November 27, 2013
What Being American Indian Means to Me: In Recognition of Native American Heritage Month
By: Randella Bluehouse

November is Native American Heritage Month and November 29, 2013 is Native American Heritage Day. What does this mean to me? I am American Indian of Navajo descent. I was raised on the Navajo Nation all my life. Since I grew up on the Navajo Nation I thought the world was like me. I was taught in school that I am American and I accepted that. I was taught at home to be a good and capable person.

I had inadequate preparation in our public school so I never contemplated going off to college. My mother on the other hand had other dreams for me. She filled out my paperwork to attend the local community college. It was there that I began to consider going away to attend University, and of course, mother helped me to apply. Fortunately, I was able to graduate from the University with dual degrees in the discipline of human services. Today I am using the educational skills I acquired to help create better opportunities for Older Indians.

I know that many America Indian people gave up land, resources, language, culture and complete sovereignty in the name of the English colonization westward. Many atrocities were committed against American Indian People in the taking of the land and cultural livelihood.

It still bothers my soul, that in many circumstances “Americans” know very little about the history and significant role the first Americans played in the creation of this nation — our ancestors opened the door to the establishment of the United States of America. It is from the first people that indigenous healing herbs, plants, animals, and political structure have effectively influenced the United States and other countries today.
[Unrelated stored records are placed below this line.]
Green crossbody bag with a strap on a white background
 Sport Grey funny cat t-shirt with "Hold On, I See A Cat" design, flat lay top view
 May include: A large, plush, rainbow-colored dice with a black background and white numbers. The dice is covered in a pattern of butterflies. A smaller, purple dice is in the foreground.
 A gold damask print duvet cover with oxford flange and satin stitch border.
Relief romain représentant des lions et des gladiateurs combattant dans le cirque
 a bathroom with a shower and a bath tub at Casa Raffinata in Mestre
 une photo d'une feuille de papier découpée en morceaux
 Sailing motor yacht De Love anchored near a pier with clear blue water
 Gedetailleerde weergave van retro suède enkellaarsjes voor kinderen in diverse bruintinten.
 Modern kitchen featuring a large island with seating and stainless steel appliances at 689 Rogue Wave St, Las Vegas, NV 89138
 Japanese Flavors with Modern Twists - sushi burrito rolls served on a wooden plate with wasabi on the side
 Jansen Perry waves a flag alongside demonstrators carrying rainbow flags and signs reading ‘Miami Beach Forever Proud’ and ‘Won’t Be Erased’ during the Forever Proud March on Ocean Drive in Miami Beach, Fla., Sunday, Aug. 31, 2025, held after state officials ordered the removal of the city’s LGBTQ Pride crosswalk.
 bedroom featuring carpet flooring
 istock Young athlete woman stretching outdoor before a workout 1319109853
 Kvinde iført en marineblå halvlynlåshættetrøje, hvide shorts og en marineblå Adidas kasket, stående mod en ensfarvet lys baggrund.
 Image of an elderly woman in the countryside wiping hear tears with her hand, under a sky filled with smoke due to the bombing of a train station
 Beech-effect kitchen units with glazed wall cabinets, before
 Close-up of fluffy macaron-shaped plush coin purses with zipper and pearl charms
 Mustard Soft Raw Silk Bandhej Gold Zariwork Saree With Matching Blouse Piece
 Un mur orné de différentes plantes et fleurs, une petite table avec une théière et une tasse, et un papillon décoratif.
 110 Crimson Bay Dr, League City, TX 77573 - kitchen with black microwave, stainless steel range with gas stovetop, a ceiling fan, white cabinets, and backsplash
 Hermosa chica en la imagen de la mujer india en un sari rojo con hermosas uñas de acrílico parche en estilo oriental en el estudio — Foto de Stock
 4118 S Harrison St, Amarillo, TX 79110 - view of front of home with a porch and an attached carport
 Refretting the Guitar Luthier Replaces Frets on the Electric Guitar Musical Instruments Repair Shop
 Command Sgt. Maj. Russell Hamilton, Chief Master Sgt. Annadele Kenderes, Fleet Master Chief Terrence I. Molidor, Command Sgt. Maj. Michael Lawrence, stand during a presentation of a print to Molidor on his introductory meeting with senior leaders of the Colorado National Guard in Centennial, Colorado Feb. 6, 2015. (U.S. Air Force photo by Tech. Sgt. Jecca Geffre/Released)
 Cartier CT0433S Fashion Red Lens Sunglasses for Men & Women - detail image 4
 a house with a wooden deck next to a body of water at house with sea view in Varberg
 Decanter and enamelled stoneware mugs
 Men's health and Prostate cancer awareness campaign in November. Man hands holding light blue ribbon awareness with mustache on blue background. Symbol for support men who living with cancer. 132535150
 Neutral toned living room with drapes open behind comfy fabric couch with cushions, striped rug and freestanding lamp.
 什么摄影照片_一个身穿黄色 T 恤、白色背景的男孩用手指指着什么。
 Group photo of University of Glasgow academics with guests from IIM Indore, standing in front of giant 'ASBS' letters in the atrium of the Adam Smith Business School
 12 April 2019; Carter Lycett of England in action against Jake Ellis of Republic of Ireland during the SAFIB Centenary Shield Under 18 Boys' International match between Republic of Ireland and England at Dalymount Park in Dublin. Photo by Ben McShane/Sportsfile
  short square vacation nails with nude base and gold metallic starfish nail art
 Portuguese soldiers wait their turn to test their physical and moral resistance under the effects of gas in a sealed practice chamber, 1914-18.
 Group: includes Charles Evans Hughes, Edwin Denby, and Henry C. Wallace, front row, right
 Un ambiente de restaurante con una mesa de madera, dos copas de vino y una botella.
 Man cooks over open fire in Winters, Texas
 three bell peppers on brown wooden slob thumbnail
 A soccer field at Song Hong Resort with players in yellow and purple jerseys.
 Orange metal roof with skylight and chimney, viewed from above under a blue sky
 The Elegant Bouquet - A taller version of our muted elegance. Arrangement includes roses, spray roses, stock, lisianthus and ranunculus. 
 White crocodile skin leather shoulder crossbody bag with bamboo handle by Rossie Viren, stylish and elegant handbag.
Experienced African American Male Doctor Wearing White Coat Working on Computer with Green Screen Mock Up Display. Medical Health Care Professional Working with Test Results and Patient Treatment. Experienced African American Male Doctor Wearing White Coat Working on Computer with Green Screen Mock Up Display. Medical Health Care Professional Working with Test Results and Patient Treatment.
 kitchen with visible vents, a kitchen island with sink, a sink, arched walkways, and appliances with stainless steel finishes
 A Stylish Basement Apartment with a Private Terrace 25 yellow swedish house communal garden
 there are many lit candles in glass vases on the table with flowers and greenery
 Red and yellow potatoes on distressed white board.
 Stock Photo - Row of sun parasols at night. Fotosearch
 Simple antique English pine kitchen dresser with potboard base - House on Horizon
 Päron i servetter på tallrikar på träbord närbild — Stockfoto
I believe the United States is a great nation. I also believe that American Indians are a great people. It is strange how American Indians are often viewed by society as “uncivilized or supernatural.” I recall a time that I met a young lady at a leadership conference in D.C. She was surprised to discover that I was American Indian. In her excitement she clamored from her mouth — “Wow, it’s like meeting a unicorn!”

I am proud to be born in America. I am proud to come from a resilient, brilliant, strong nation of Indian people. I also wish that there was a greater connection and cooperation between Indian Governments, State Governments and the Federal Government. The policies and boundaries that are artificially erected due to a lack of understanding — separate our intent to live together in prosperity.

November is Native American Heritage Month. Read and learn about other cultures this month. Talk to a person that is different from you and make a new friend. Know the true history of America — good and bad. Acknowledge that every race and culture throughout this nation is what makes up the United States of America – together we are a great Nation.

Randella Bluehouse is the Executive Director of the National Indian Council on Aging, Inc. (NICOA). The opinions expressed in this article are those of the author and do not necessarily reflect those of the Diverse Elders Coalition.